Human Factors in Child Protection (2): Decision-making

Decision-making is central to child protection. Is this a child protection case? Is this child at risk of significant harm? Is emergency action required to protect this child? Is a child protection plan necessary? Should we start care proceedings? Each of these questions represents a step requiring someone or some group to make a decision, often a weighty one.

Wrong decisions can have momentous consequences. A case may be closed prematurely. A child may be returned home to suffer further abuse. A professional may wrongly decide that her or his concerns do not amount to a concern of abuse or neglect. As a result a child may be harmed, or worse.

So how do we take decisions? Psychologists [2] distinguish between different types of decision making. Below I look at each of these in turn.

Rule-based decision-making involves the decision-maker following procedures which determine the outcome. These often take the form "If X do Y". They may look straightforward, but problems often arise in determining how to interpret the procedure. For example Lord Laming recommended a procedure following the Victoria ClimbiƩ tragedy along the following lines: "If a child's first language is not English, an interpreter must be used ..." [1]. But what do we mean by a "first language" (first language learnt, most fluent language, language spoken at home, language spoken at school etc.) and who can be an interpreter (qualified professional interpreter, fluent speaker, person with some knowledge of the language, member of child's community, member of child's family)? And what happens where the child prefers to speak in (say) English, but is more fluent in another language, or where it is very difficult to find a qualified interpreter in a language not much spoken locally?

Clearly having procedures is a good idea in simple situations, where ambiguity and uncertainty do not apply. Procedures are actually useful in clear, simple and predictable situations. However, for complex situations procedures rapidly become too elaborate and eventually become unworkable. Highly involved procedures can result in unacceptable delays in action. Where procedures are too complex they can be difficult to understand and steps may be missed. Sometimes the wrong procedure for a given situation is applied. And sometimes the procedures themselves contain 'error traps' because the person who drafted the procedure did not foresee some particular set of circumstances. Last, but by no means least, complex procedures which make the task more difficult often result in people developing informal 'work arounds' to get the job done. These can have disastrous consequences, not least because managers may naively think that a procedure is being followed, when it isn't.

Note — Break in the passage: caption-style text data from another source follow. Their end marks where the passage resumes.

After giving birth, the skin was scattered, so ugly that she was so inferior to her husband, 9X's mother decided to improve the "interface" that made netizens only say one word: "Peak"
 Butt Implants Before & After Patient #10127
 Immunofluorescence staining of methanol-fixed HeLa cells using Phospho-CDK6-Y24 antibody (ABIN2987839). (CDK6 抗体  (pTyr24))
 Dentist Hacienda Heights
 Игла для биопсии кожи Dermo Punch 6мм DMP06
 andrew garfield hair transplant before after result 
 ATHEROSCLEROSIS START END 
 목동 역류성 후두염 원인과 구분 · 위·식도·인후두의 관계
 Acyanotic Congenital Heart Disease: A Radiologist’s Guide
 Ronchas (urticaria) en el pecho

In contrast intuitive decision-making relies on the expertise of individuals. An experienced practitioner can spot patterns in situations and react rapidly and very often appropriately. This type of intuitive decision-making, or 'pattern-matching', is necessary where there is insufficient time to generate lists of options or to carry out any kind of detailed analysis. It is often essential in emergency situations. Often the response is 'workable' but not ideal and it is usually quick. This type of decision-making is suitable for 'first responders' in most types of emergency situations, but experienced practitioners are required. It is by no means infallible. Pattern 'mismatches' are always a danger and some very serious accidents have involved very experienced people making the wrong intuitive decision. Intuitive decision-making is not suitable for dealing with new circumstances or situations which are not well understood. It is not suitable for use by inexperienced people, especially novices.

Analytical decision-making involves identifying options, analysing each and selecting the best. Typically the decision-maker thinks through the consequences of each option, exploring the various scenarios, possibly identifying positives and negatives of each and comparing likely outcomes. As much relevant information as can be marshalled to inform the decision is the ideal. It is also important to identify and analyse the 'do nothing' option.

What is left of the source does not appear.